Study material section start

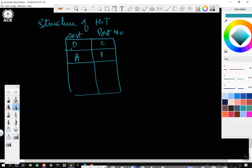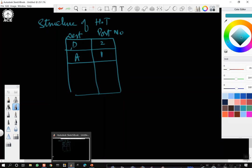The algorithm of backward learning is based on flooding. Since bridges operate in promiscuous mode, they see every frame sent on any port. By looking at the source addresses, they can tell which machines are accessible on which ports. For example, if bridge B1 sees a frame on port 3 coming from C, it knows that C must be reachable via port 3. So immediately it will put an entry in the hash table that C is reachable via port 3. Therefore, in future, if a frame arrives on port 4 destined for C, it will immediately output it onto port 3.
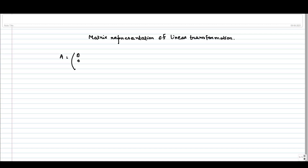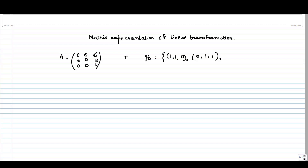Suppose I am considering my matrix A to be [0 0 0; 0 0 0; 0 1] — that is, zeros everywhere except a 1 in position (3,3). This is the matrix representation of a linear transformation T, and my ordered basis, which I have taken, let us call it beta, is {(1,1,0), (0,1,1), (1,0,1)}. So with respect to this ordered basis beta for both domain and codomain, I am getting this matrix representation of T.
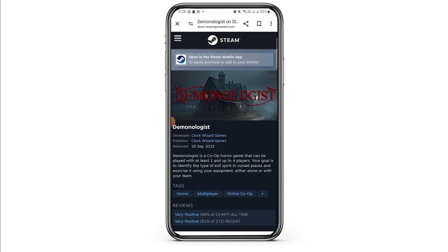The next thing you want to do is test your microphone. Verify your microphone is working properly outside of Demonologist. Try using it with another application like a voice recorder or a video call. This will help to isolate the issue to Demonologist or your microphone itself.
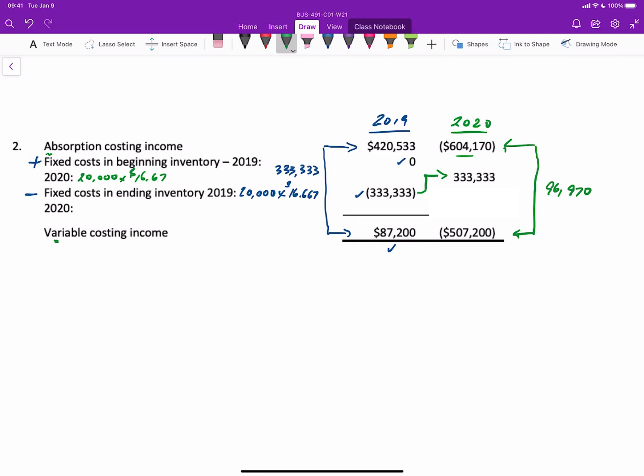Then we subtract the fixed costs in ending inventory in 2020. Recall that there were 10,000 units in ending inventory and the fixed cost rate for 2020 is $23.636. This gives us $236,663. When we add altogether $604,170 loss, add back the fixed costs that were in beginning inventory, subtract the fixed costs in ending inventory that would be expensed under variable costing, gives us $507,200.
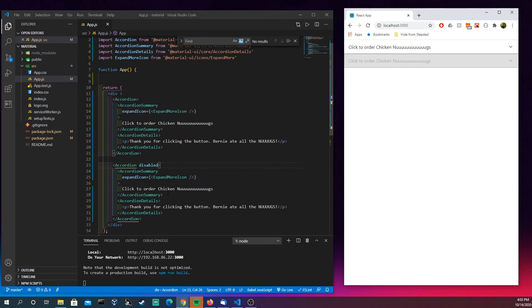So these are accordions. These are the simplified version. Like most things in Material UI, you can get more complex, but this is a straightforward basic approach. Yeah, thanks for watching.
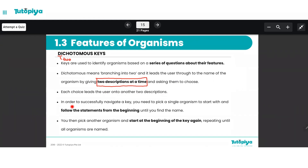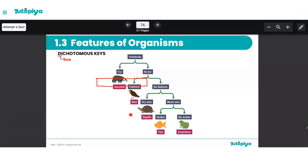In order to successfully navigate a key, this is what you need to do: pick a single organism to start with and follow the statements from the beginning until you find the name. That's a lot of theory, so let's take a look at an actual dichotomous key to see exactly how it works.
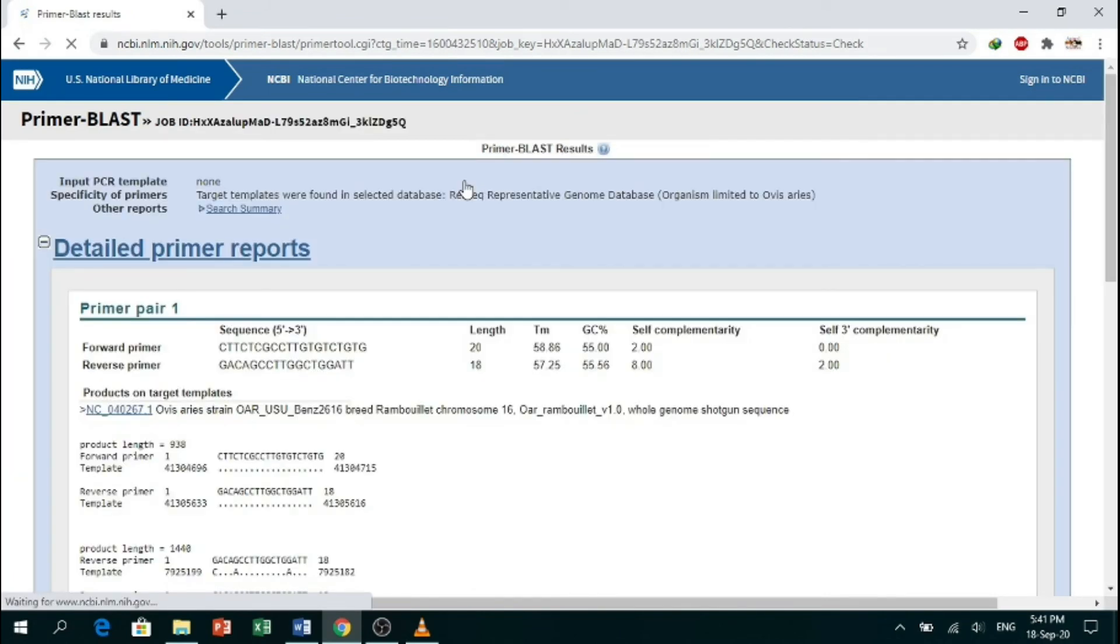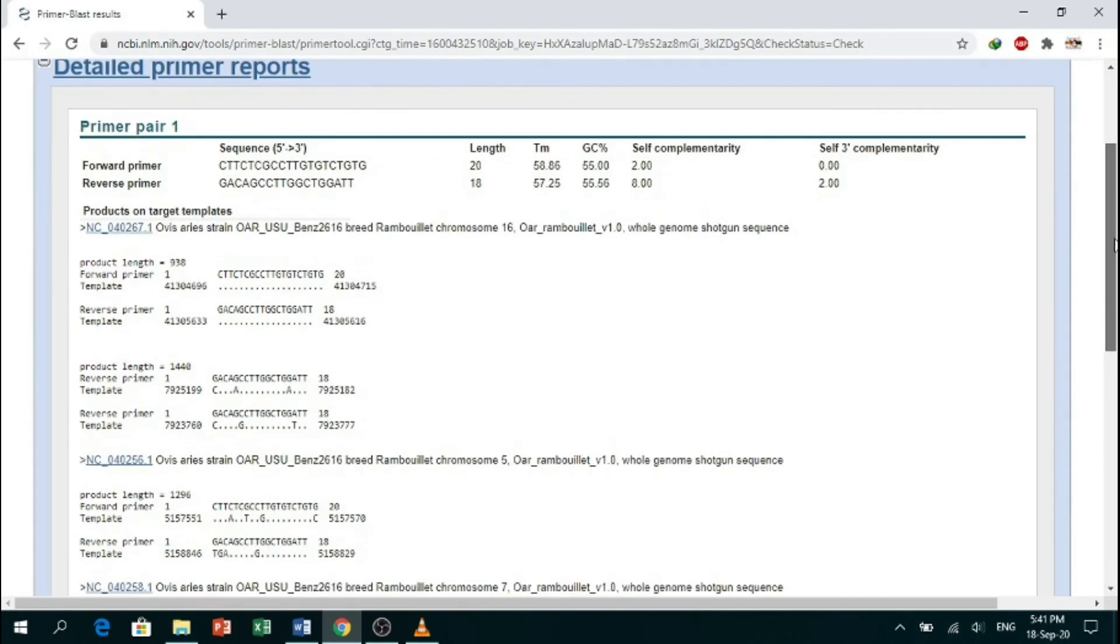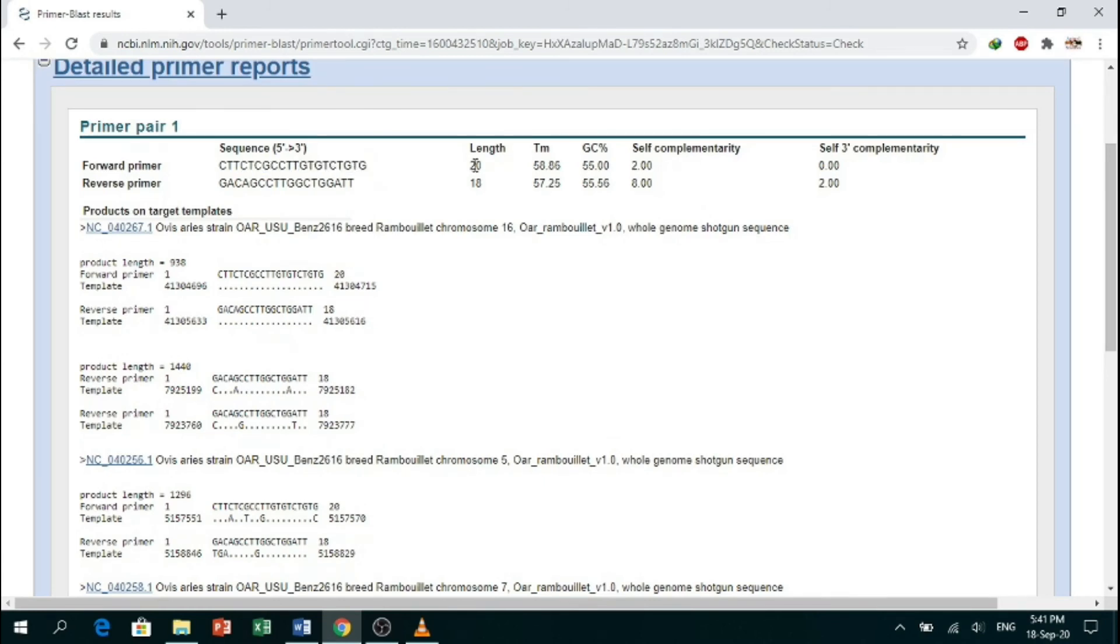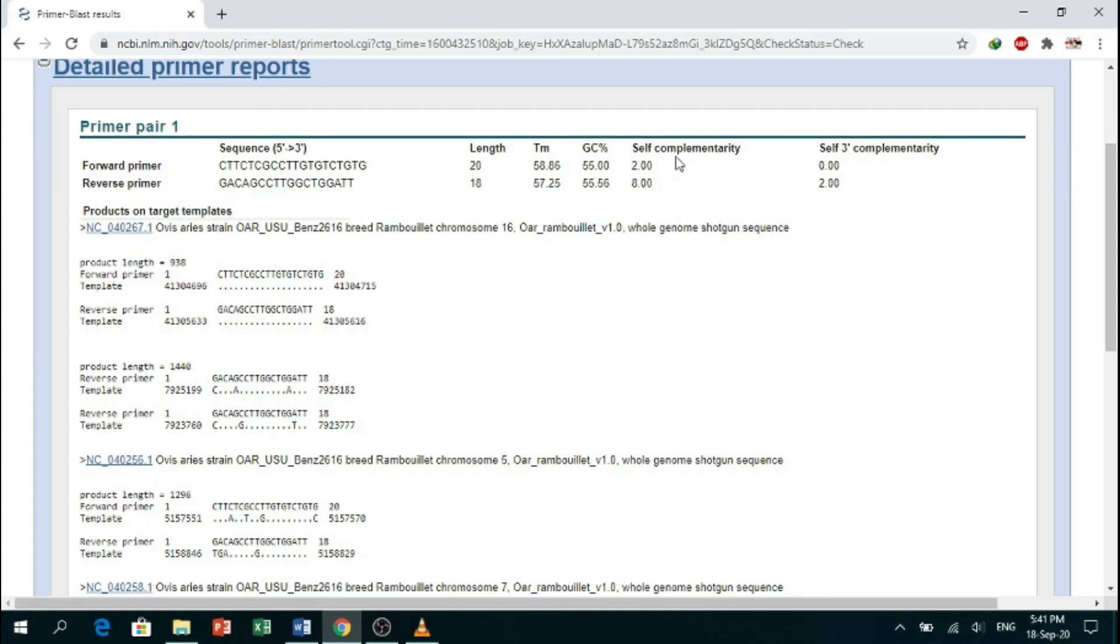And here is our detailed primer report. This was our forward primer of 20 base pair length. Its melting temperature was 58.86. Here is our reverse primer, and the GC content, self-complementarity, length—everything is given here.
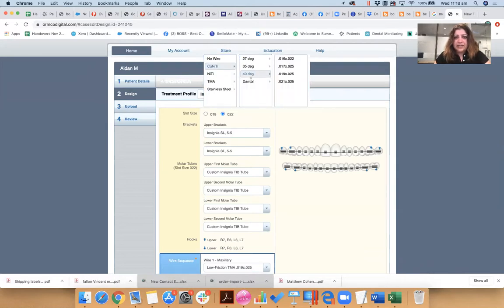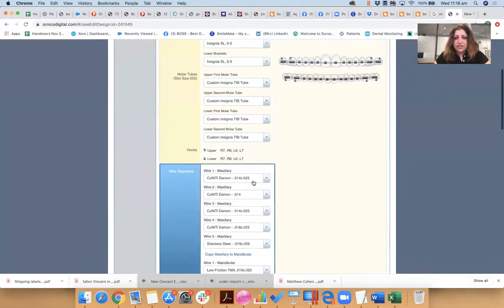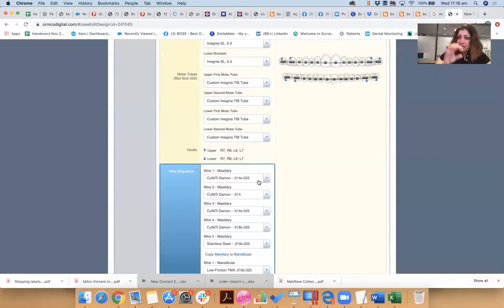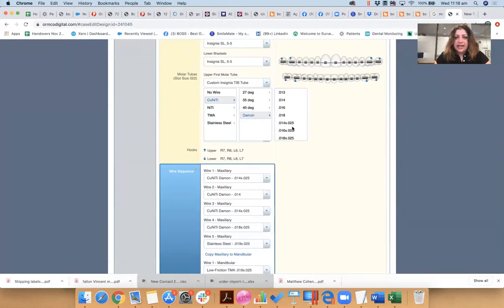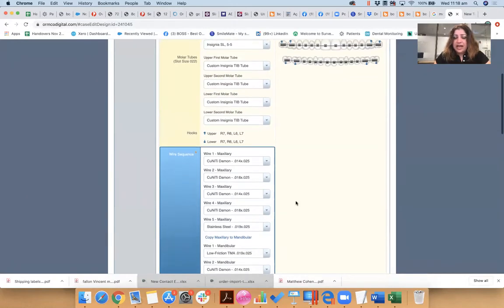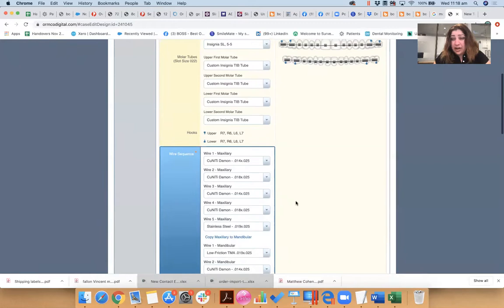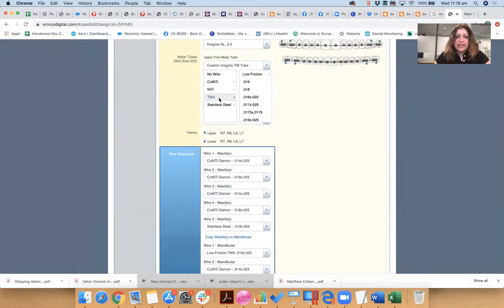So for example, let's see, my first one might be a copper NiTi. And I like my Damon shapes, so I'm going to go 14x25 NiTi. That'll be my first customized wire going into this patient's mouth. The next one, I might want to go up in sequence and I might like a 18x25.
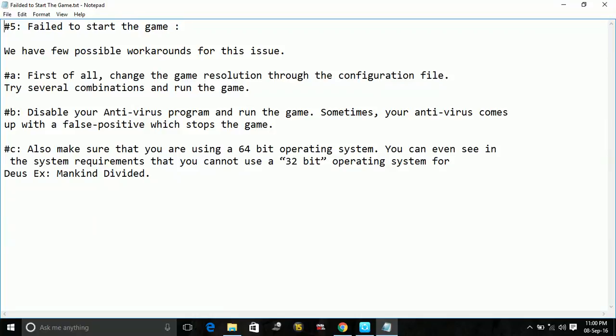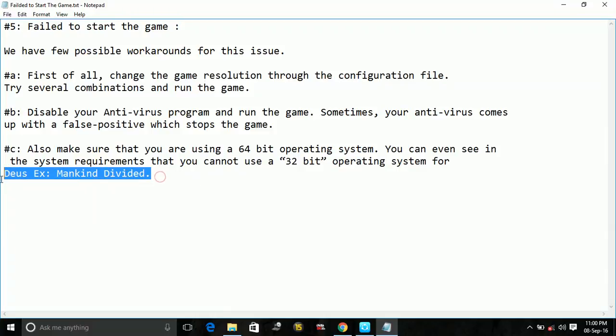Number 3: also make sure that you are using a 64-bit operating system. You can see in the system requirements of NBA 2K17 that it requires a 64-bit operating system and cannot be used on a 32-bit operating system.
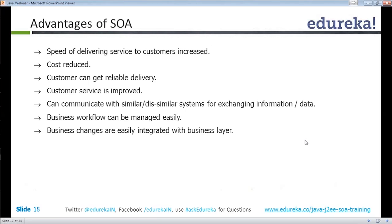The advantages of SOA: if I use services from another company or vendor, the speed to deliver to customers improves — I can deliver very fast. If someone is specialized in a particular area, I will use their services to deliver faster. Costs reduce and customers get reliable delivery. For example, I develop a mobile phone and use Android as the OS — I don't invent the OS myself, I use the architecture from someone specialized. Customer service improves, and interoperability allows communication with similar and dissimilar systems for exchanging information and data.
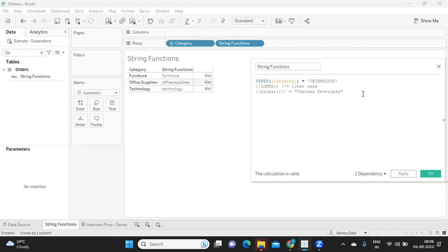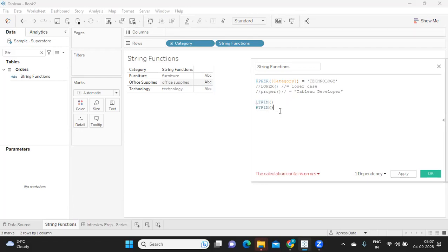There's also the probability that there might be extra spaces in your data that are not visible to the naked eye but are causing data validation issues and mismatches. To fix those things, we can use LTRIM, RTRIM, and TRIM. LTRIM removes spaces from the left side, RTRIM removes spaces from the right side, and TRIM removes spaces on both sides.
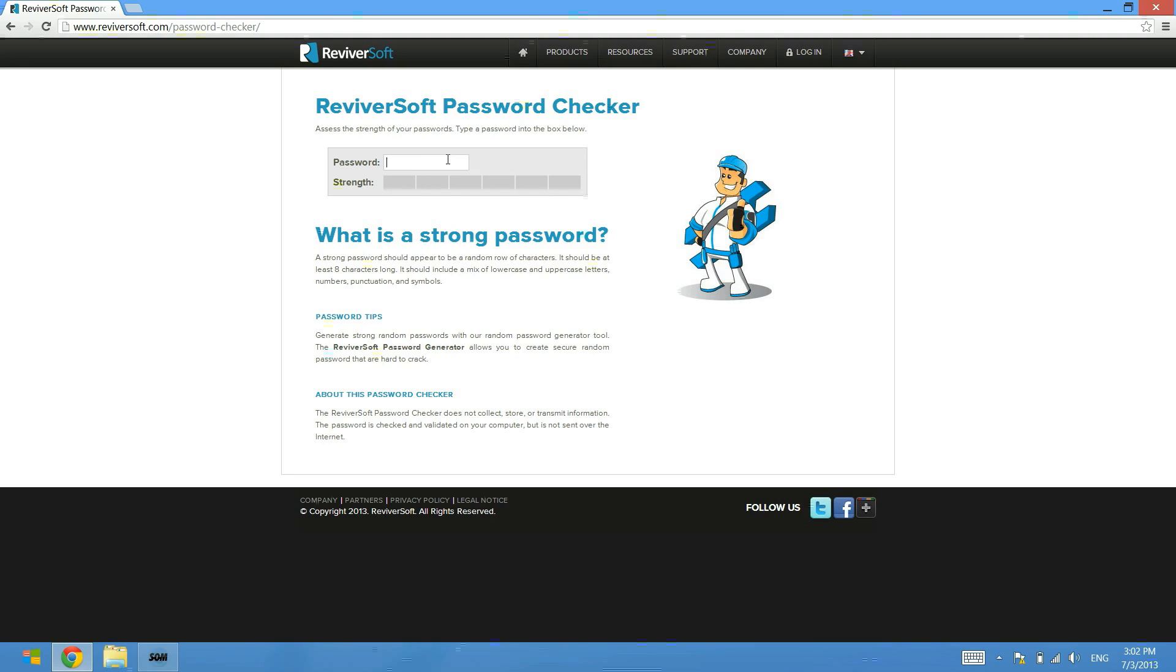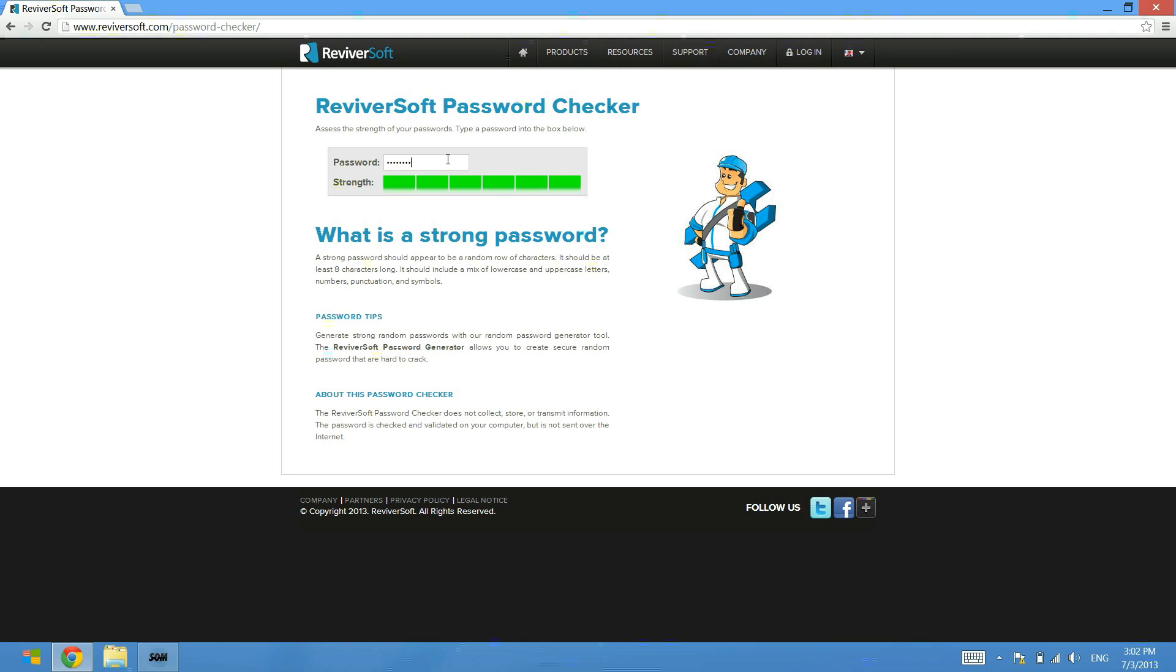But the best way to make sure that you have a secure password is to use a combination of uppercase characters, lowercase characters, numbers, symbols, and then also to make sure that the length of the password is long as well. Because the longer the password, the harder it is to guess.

Study material section end

Your objective => Both the line containing "And here is" and the line containing "So for example, let's" above belong in the output, as do the lines between them. Print them exactly, without pictures.

Written solution =>
And here is our detailed primer report. This was our forward primer of 20 base pair length. Its melting temperature was 58.86. Here is our reverse primer, and the GC content, self-complementarity, length—everything is given here.
So for example, let's see, my first one might be a copper NiTi. And I like my Damon shapes, so I'm going to go 14x25 NiTi. That'll be my first customized wire going into this patient's mouth. The next one, I might want to go up in sequence and I might like a 18x25.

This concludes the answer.